ABOUT THIS EXERCISE:
The entries are to be repeated exactly, with all pictures omitted.

DATA RECORDS:
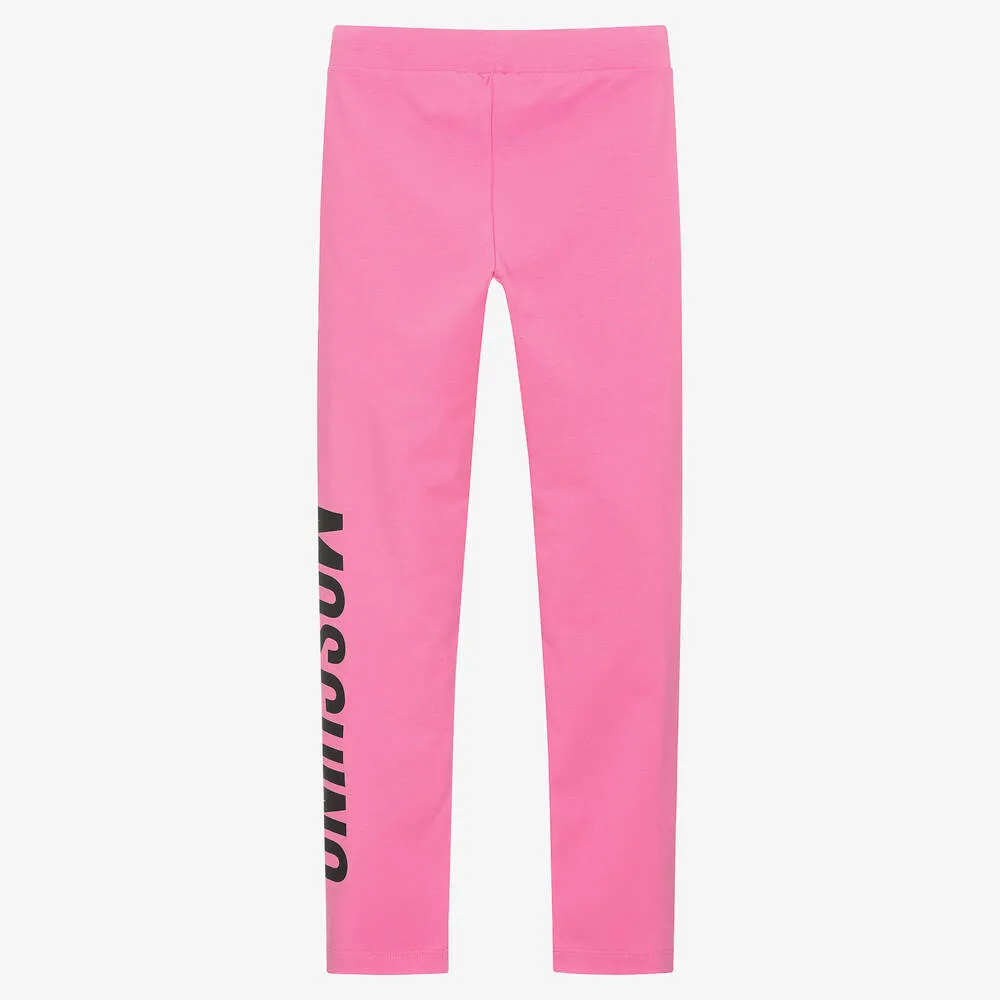 Pink Cotton Girls Leggings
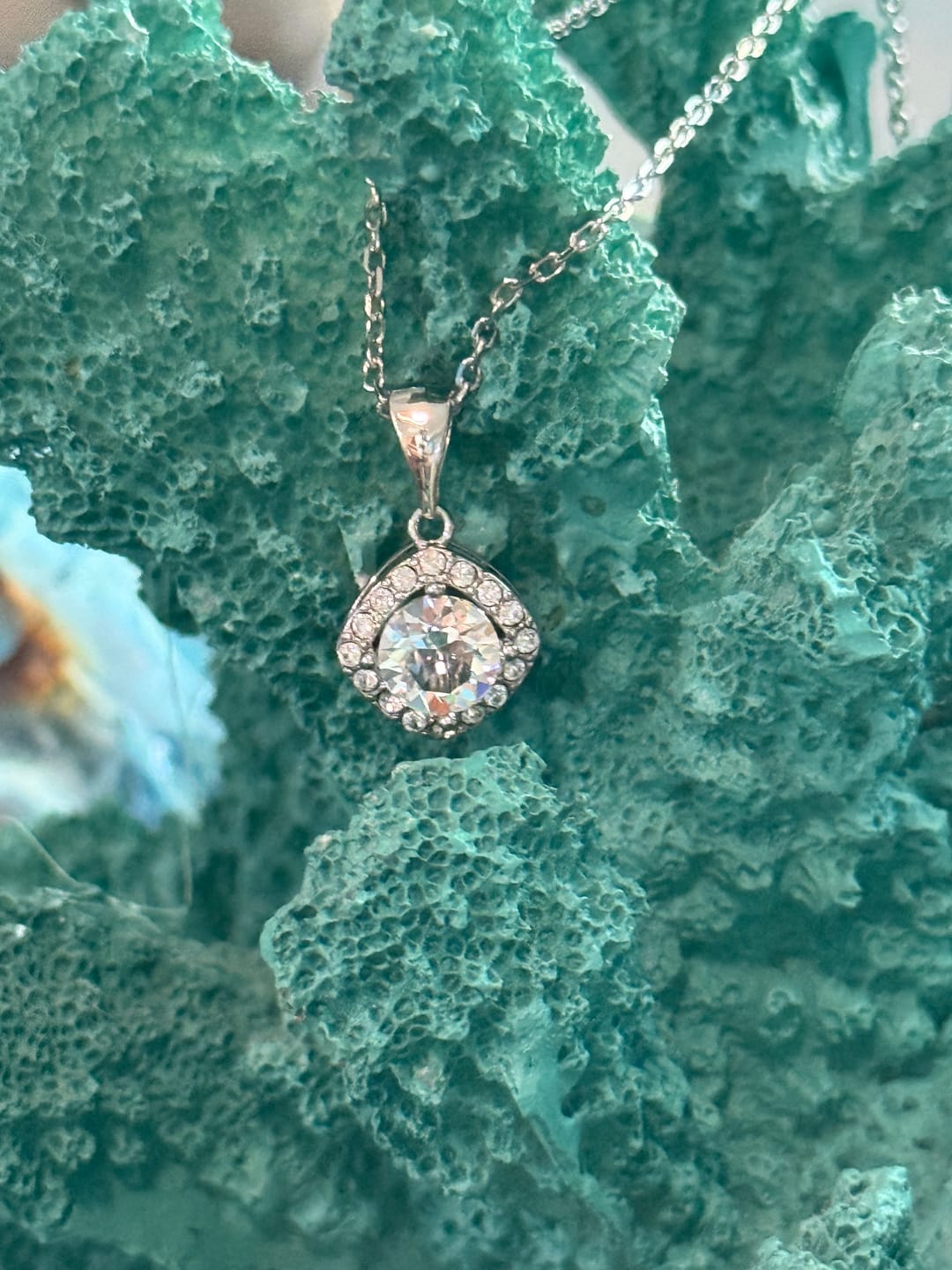 Customer photo review of Celeste 18k White Gold Plated Pendant Necklace with Swarovski Crystals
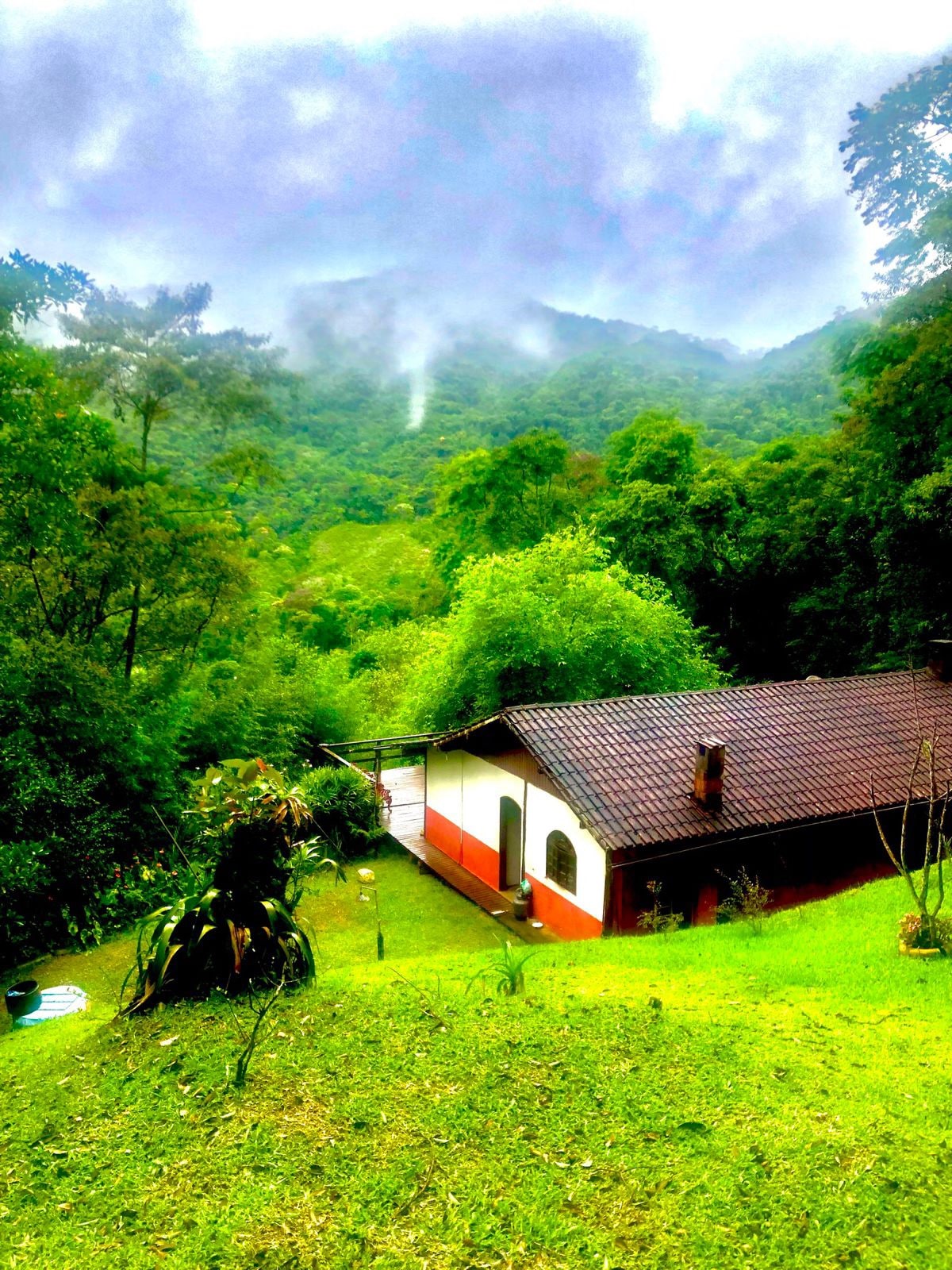 The image showcases a charming lodge nestled within lush green hills, surrounded by dense foliage. The structure features a red and white facade, with a sloped roof and large windows. A serene landscape of trees and misty mountains creates a peaceful atmosphere.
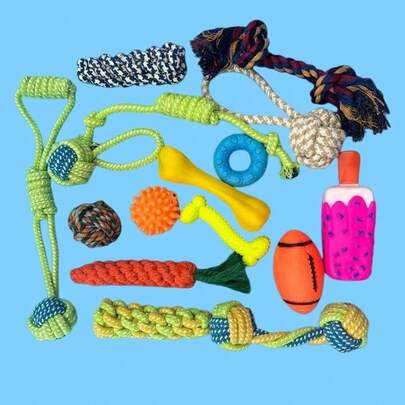 10pcs/Set Small Pet, Puppy, Kitten Chew Toys, Dog Toys, Happy Dog Toys, Includes Rope & Squeaky Toys, Plastic Toys, Suitable For Interactive, Teeth Cleaning For Medium & Small Dogs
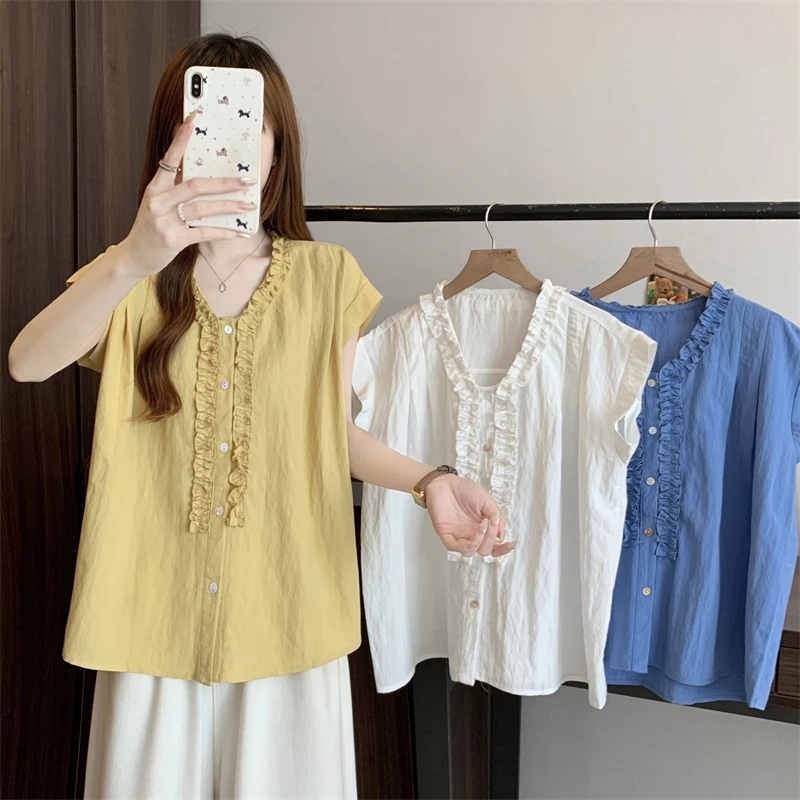 微胖妹妹夏新款减龄气质木耳边系带v领宽松闲显瘦小衫上衣8275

YOUR SOLUTION:
 Pink Cotton Girls Leggings
 Customer photo review of Celeste 18k White Gold Plated Pendant Necklace with Swarovski Crystals
 The image showcases a charming lodge nestled within lush green hills, surrounded by dense foliage. The structure features a red and white facade, with a sloped roof and large windows. A serene landscape of trees and misty mountains creates a peaceful atmosphere.
 10pcs/Set Small Pet, Puppy, Kitten Chew Toys, Dog Toys, Happy Dog Toys, Includes Rope & Squeaky Toys, Plastic Toys, Suitable For Interactive, Teeth Cleaning For Medium & Small Dogs
 微胖妹妹夏新款减龄气质木耳边系带v领宽松闲显瘦小衫上衣8275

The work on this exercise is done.